## Exporting a convnet using ONNX in PyTorch

In [None]:
import torch
import torch.nn as nn
import torch.optim as optim
import torchvision.datasets as dsets
import torchvision.transforms as transforms
from torch.utils.data.sampler import SubsetRandomSampler
device = torch.device("cuda:0" if torch.cuda.is_available() else "cpu")
# Assuming that we are on a CUDA machine, this should print a CUDA device:
print(device)
import numpy as np
VERBOSE = True  # Suppress printing of mini-batch losses

Note the 2-D input_size.  Read the MNIST dataset and resizing the images to 32x32 pixels with zero padding includes.  They are grayscale already, so the input will be 32x32x1.

In [None]:
# Hyper Parameters 
input_size = (32, 32)
num_classes = 10
num_epochs = 10
batch_size_train = 256
batch_size_val = 256
batch_size_test = 1024
learning_rate = 2e-3
num_folds = 6  # V-fold cross validation!
v = 4  # The filter hyperparameter.  The number of activation maps is dependent.
torch.set_printoptions(threshold=1000)

This initially downloads two datasets, one for training and validation (called train_dataset) and one for test.

In [None]:
# Load image data and transform images to 32x32x1
train_dataset = dsets.MNIST(root='./data',
                         train=True,
                         transform=transforms.Compose([
                             transforms.Resize(input_size),
                             transforms.ToTensor()]),
                         download=True)
test_dataset = dsets.MNIST('./data',
                        train=False,
                        transform=transforms.Compose([
                            transforms.Resize(input_size),
                            transforms.ToTensor()]),
                        download=True)

In [None]:
# Dataset loaders (handle mini-batching of data) 
train_loader = torch.utils.data.DataLoader(dataset=train_dataset, batch_size=batch_size_train, shuffle=True) 
test_loader = torch.utils.data.DataLoader(dataset=test_dataset, batch_size=batch_size_test, shuffle=False)

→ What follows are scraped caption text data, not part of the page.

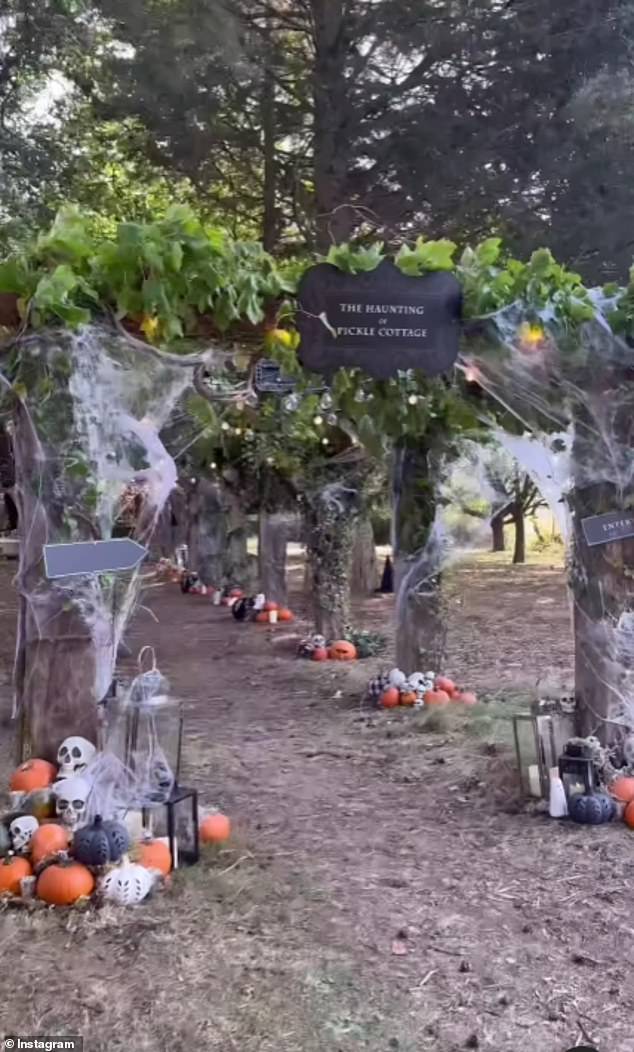 Complementing the aesthetic of their haunted house is an archway in the gardens covered in layers of spider webs, with mounds of pumpkins, skeletons and lanterns scattered along the way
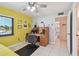 Bright office space with desk and view to kitchen area at 12300 Vonn Rd # 2204, Largo, FL 33774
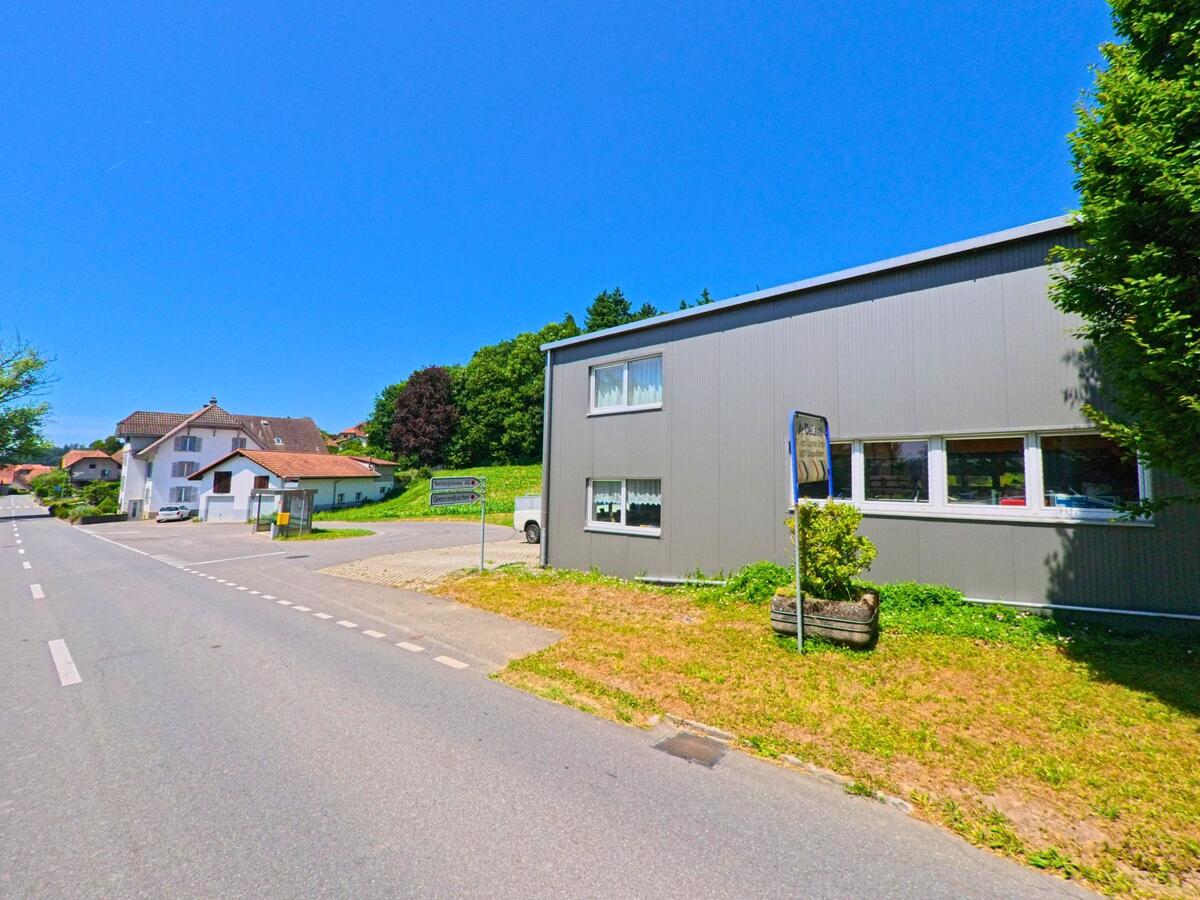 An einer Durchgangsstrasse in Grossaffoltern (3257, Kanton Bern) stehen ein modernes Gewerbegebäude und mehrere Wohnhäuser in direkter Nachbarschaft.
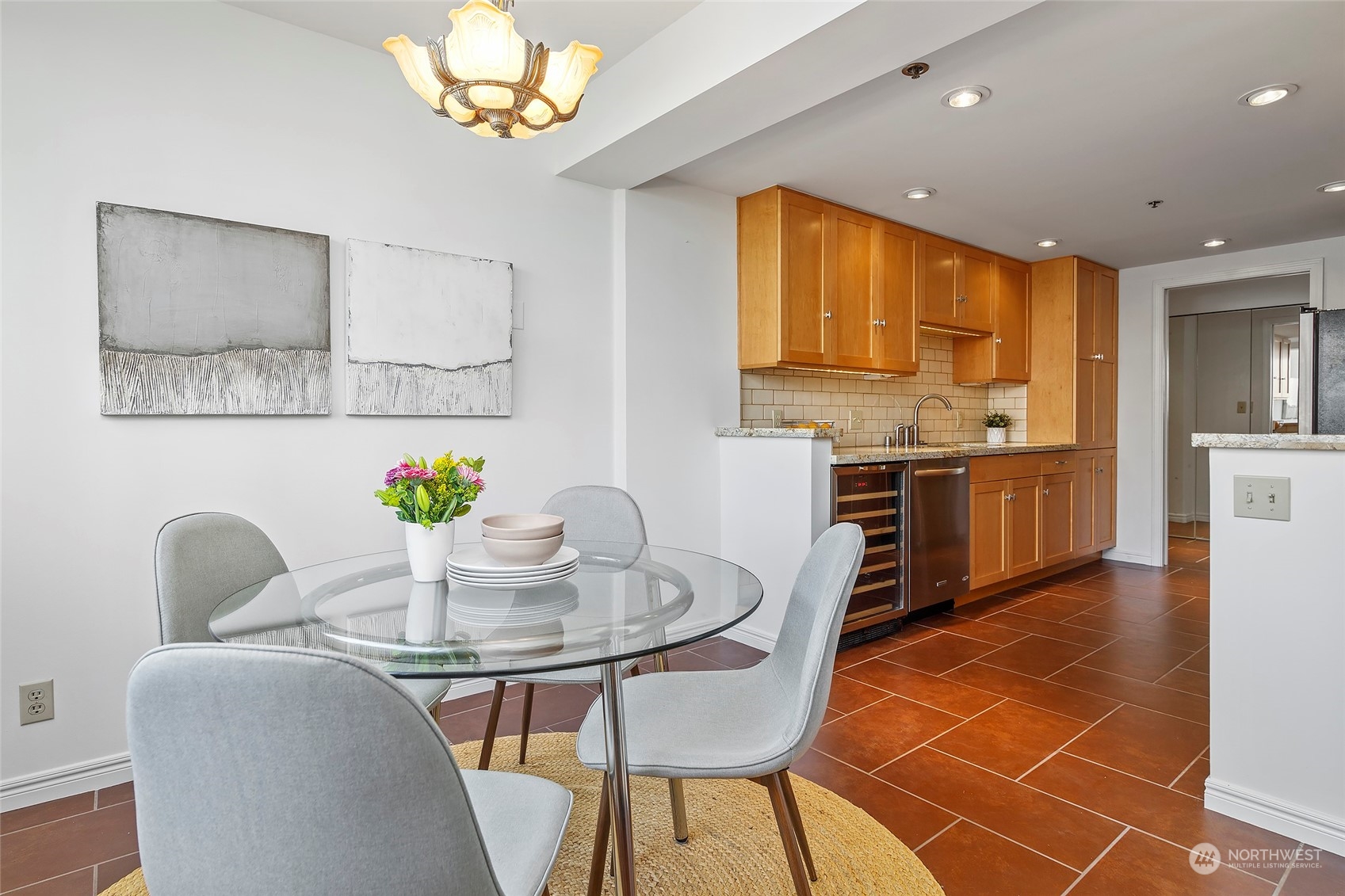 1120 Spring Street, Unit 401 Seattle, WA 98104 - Photo 13 of 34 a view of a dining room with furniture and a chandelier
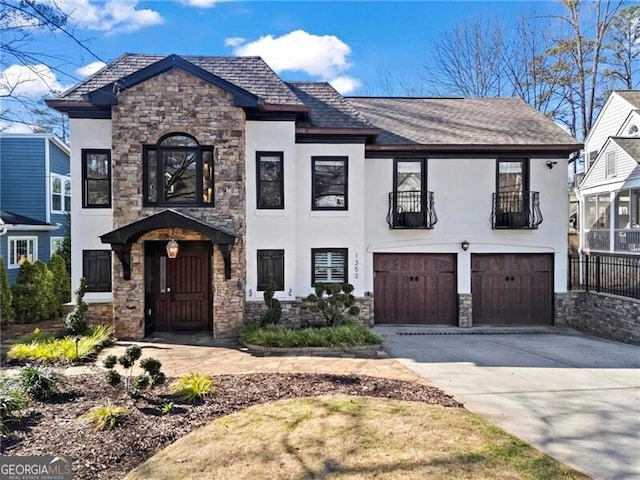 view of front of property featuring driveway, an attached garage, and stucco siding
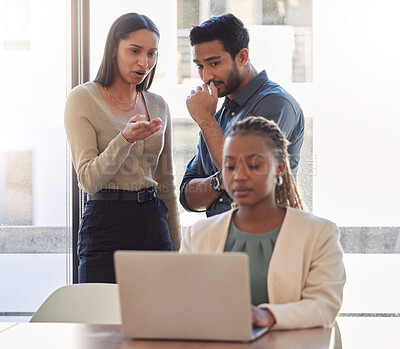 Buy stock photo Office bully, woman and working at laptop with coworkers talking in a corporate workplace with gossip. Young black person typing on a computer with internet and joke with staff being mean at desk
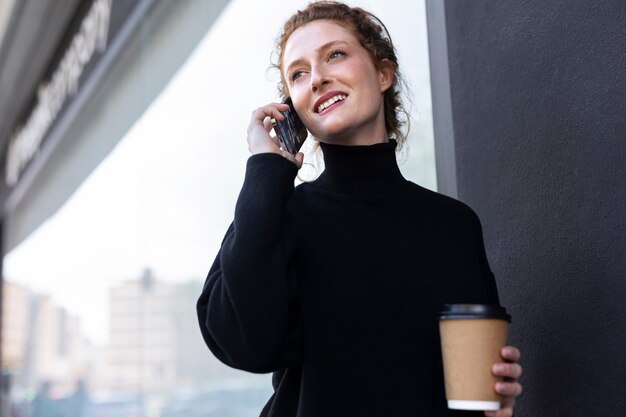 Mittlere Schuss-Smiley-Frau, die am Telefon spricht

A version of the well-known LeNet-5 CNN model architecture.

In [None]:
class LeNet5(nn.Module):
    # A version of LeNet-5.  Note the hyperparameter 'v' (n^v activation maps).
    def __init__(self, v=0):
        super(LeNet5, self).__init__()
        # 1 image input channel, 6 filters, 5x5 kernel
        self.convnet = nn.Sequential(
            nn.Conv2d(1, 2**v, kernel_size=(5, 5)),  # c1
            nn.ReLU(),  # relu1
            nn.MaxPool2d(kernel_size=(2, 2), stride=2),  # s2
            nn.Conv2d(2**v, 3**v, kernel_size=(5, 5)),  # c3
            nn.ReLU(),  # relu3
            nn.MaxPool2d(kernel_size=(2, 2), stride=2),  # s4
            nn.Conv2d(3**v, 5**v, kernel_size=(5, 5)),  # c5
            nn.ReLU(),  # relu5
        )

        self.fc = nn.Sequential(
            nn.Linear(5**v, 84),  # f6
            nn.ReLU(),  # relu6
            nn.Linear(84, 10),  # f7
        )
        
    def forward(self, input):
        convout = self.convnet(input)
        convout = convout.view(input.size(0), -1)
        output = self.fc(convout)
        return output
        

The following function will train the model for a single epoch and report the training loss.

In [None]:
def train_one_epoch(epoch_num, verbose=VERBOSE):
    for i, (images, labels) in enumerate(train_loader):
        images = images.to(device)
        labels = labels.to(device)
        # Forward pass
        optimizer.zero_grad() 
        outputs = model(images) 
        loss = criterion(outputs, labels)
        # Backward pass
        loss.backward()
        # Optimize
        optimizer.step()
        if verbose is True:
            if (i + 1) % 100 == 0:
                print('Epoch: [% d/% d], Step: [% d/% d], Loss: %.4f'
                      % (epoch_num + 1, num_epochs, i + 1,
                         len(train_dataset) // batch_size_train, loss.item())) 

The following function computes the error for one epoch of data.

In [None]:
def epoch_error(loader, length, split='validation'):
    """ Computes the error for all data points in a loader.
       
        Inputs:
            loader: Pytorch data loader (object)
            length: Number of data points (integer)
            split: Name of split, typically 'train', 'test', or 'validation' (string)
        
        Returns:
            error (floating point)
    """
    model.eval()
    # Measure the error for the entire loader split.
    i = 0
    total = 0.
    incorrect = 0.
    for images, labels in loader:  # One batch at a time!
        images = images.to(device)
        labels = labels.to(device)
        outputs = model(images)
        _, predicted = torch.max(outputs.data, 1) 
        total += labels.size(0) 
        incorrect += (predicted != labels).sum()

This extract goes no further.